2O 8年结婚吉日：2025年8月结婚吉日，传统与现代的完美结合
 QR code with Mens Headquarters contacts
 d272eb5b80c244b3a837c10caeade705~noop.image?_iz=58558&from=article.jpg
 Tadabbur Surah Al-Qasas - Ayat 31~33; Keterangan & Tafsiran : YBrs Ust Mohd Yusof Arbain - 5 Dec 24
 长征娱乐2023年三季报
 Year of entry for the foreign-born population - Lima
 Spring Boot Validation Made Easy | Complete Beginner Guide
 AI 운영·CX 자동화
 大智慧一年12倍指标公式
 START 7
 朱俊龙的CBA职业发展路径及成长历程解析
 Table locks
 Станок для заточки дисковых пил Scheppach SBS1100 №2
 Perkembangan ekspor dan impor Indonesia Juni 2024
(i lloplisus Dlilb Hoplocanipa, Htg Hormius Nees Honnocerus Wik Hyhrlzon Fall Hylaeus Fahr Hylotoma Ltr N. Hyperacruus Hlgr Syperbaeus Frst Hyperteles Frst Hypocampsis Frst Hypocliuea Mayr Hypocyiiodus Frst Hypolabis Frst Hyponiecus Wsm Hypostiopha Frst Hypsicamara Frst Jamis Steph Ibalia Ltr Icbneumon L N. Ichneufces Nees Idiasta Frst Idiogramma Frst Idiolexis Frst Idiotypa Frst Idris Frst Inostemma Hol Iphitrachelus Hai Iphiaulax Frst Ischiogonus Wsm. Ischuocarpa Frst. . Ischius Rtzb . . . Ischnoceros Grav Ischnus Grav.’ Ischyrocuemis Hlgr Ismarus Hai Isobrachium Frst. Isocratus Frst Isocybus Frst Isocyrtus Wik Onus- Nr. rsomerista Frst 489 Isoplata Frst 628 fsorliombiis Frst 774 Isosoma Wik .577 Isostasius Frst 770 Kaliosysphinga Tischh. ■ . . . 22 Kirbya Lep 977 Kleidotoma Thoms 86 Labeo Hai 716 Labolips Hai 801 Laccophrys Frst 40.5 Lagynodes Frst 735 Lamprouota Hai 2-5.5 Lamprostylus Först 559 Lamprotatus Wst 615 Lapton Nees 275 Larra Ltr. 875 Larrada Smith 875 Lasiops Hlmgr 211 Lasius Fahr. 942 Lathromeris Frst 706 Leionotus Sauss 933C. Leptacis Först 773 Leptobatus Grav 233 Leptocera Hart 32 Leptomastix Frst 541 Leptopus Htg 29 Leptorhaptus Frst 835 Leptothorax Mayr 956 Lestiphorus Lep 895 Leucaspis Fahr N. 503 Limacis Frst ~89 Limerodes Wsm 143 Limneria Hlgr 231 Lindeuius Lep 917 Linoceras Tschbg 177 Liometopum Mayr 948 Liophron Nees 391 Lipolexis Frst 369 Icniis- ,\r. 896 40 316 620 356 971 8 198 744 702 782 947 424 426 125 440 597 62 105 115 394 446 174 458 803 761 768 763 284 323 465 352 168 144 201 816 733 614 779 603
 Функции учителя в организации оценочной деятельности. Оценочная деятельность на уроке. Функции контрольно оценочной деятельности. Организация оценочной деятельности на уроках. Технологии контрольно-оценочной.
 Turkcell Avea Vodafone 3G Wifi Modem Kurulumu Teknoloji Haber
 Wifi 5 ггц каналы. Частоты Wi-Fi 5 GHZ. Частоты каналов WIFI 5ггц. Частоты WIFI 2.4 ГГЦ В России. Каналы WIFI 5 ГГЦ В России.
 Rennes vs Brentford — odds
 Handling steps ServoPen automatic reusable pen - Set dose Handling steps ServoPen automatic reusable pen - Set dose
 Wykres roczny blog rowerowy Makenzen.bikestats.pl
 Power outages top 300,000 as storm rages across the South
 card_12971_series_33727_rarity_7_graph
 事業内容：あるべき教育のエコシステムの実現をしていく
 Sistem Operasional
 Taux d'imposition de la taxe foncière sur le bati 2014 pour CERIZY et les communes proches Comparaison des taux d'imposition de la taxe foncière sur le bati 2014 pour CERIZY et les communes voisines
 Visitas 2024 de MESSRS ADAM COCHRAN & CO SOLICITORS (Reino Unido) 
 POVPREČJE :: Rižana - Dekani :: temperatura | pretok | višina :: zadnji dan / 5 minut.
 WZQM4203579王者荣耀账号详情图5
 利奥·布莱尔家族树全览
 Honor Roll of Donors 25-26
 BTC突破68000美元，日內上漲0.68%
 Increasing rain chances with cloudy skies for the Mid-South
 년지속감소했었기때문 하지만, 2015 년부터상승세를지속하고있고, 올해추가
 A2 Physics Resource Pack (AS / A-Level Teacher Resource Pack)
________________________
* [Problem to work on] Would you show all lines of the material above that contain the word "South"?

* [Response to this task]
 Power outages top 300,000 as storm rages across the South
 Increasing rain chances with cloudy skies for the Mid-South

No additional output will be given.